Typische Stolpersteine – was Berufsbildende vermeiden sollten:
- Unklare Zuständigkeiten
Lernende wissen nicht, an wen sie sich bei Fragen oder Problemen wenden können. → Lösung: Klare Ansprechpersonen definieren.
- Zu schnelle oder zu langsame Integration
Überforderung oder Langeweile können Motivation und Selbstvertrauen beeinträchtigen. → Lösung: Aufgaben schrittweise steigern.
- Fehlende Rückmeldungen
Ohne Feedback ist Lernen schwierig. → Lösung: Regelmässige, konstruktive Gespräche einplanen.

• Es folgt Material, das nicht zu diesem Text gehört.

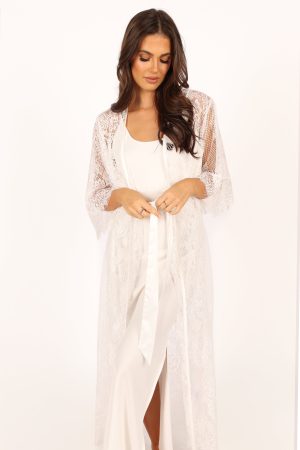 Nephele Lace Bridal Robe – Ivory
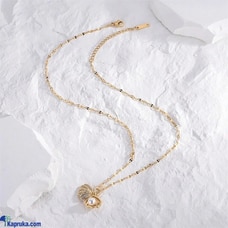 Cubic Zirconia Pearl Sea Shell Pendant Necklace Buy LimitedEditionLK Online for specialGifts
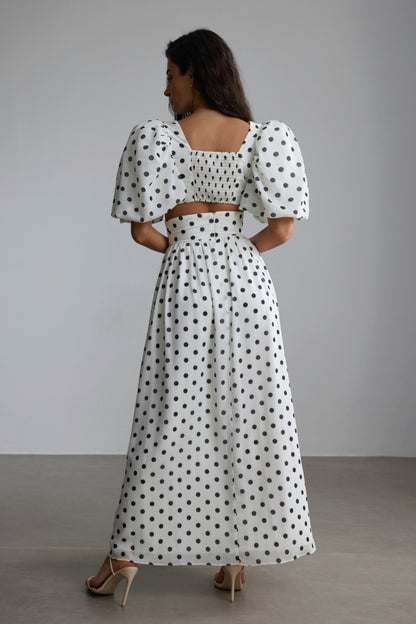 White Polka Dot Maxi Dress with Side Slit for Women - Lelia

- Vernachlässigung der Soft Skills
Fachliche Ausbildung allein reicht nicht – auch Sozial- und Selbstkompetenzen brauchen Förderung.

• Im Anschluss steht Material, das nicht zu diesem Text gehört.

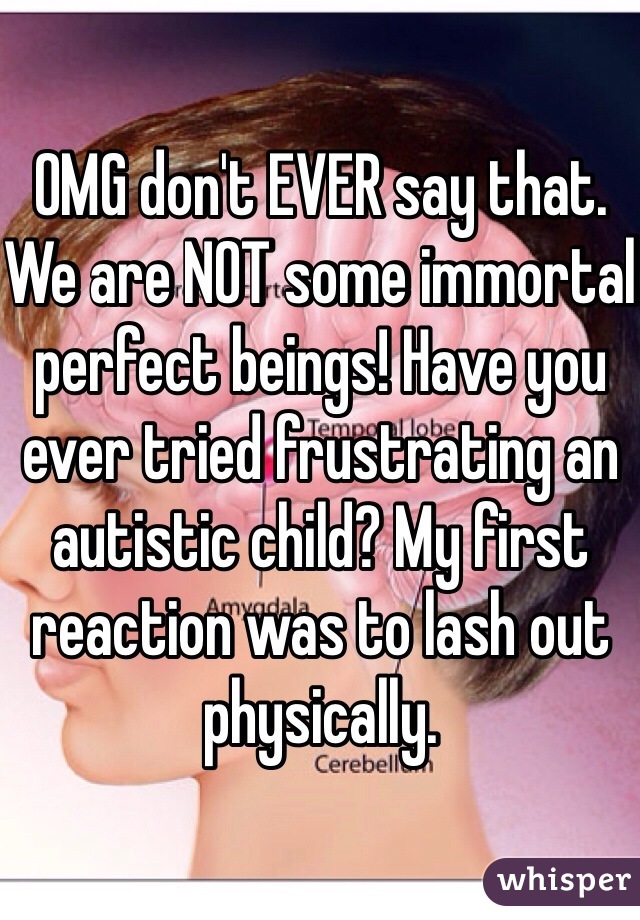 OMG don't EVER say that.  We are NOT some immortal perfect beings! Have you ever tried frustrating an autistic child? My first reaction was to lash out physically.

- Unterschätzung des Kulturwandels
Der Wechsel von der Schule in die Berufswelt ist für viele Lernende eine grosse Umstellung. Geduld, Verständnis und Begleitung sind entscheidend.
Fazit:
Ein sorgfältiges, wertschätzendes Onboarding zahlt sich aus – für Lernende wie für Betriebe. Es schafft die Basis für eine erfolgreiche Ausbildung, fördert Bindung und Motivation und trägt dazu bei, dass die jungen Fachkräfte von morgen ihre Potenziale entfalten können. Berufsbildungsverantwortliche tun sich selbst und den Lernenden etwas Gutes, wenn der Onboardingprozess im Betrieb fest verankert und allen beteiligten Personen klar ist, welche Rolle sie dabei spielen. So wird der Start strukturiert, reibungslos und nachhaltig erfolgreich gestaltet.
Ein herzlicher Dank geht an alle Praxis- und Berufsbildenden. Mit ihrem Engagement, ihrer Zeit und ihrem Fachwissen leisten sie einen unverzichtbaren Beitrag für unsere Gesellschaft und das duale Bildungssystem. Sie begleiten, fördern und fordern die Fachkräfte von morgen – und schaffen damit die Grundlage für eine starke berufliche Zukunft.
Und abschliessend wünschen wir allen neuen Lernenden viel Freude, Neugierde und Erfolg auf ihrem Ausbildungsweg.